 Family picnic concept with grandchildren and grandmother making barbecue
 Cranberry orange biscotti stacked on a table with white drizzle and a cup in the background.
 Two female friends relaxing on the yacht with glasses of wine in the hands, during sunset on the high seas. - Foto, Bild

········

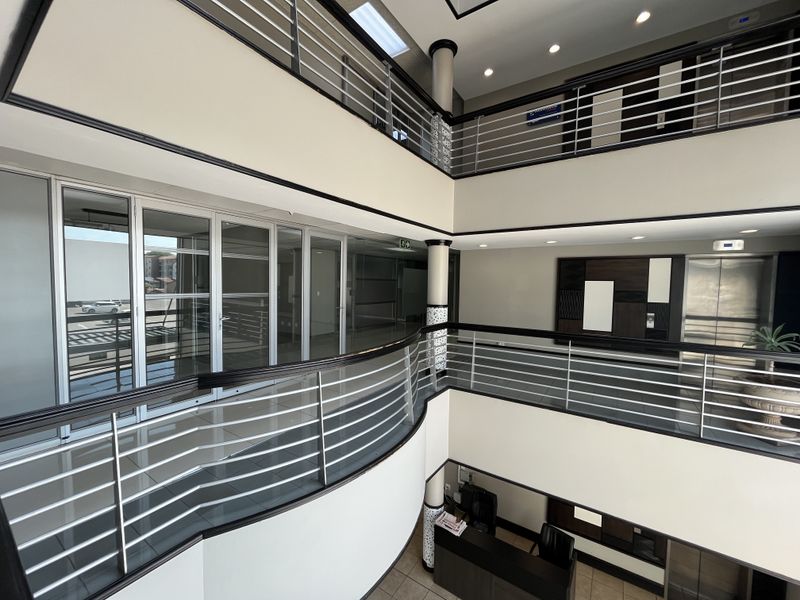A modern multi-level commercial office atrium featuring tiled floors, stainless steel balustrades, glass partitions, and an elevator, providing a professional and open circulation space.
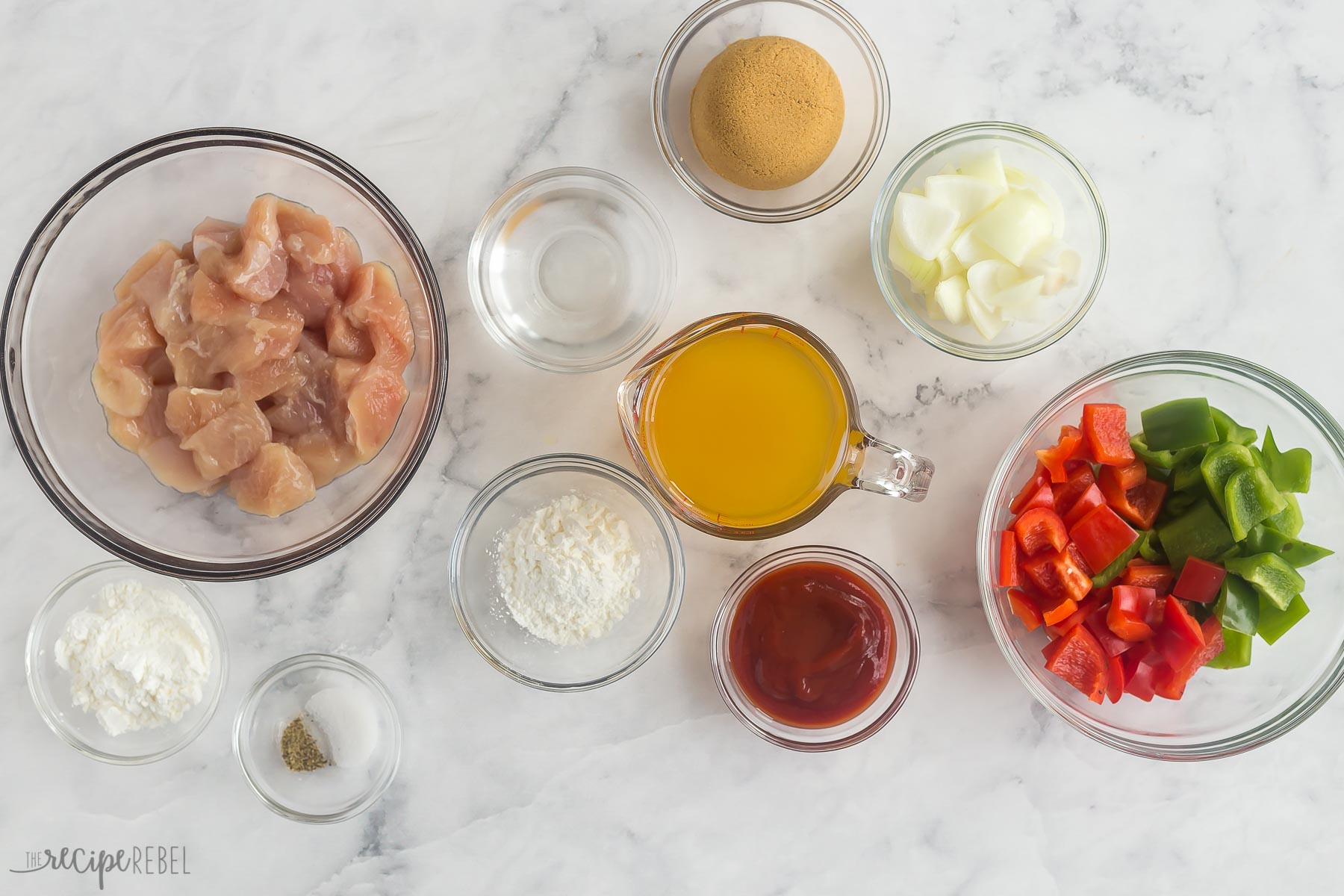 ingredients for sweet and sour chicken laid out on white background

········

Exercise description
Transcribe only the lines above that start at the line containing "A modern multi-level" and end at the line containing "ingredients for sweet". Omit pictures.

Final answer
A modern multi-level commercial office atrium featuring tiled floors, stainless steel balustrades, glass partitions, and an elevator, providing a professional and open circulation space.
 ingredients for sweet and sour chicken laid out on white background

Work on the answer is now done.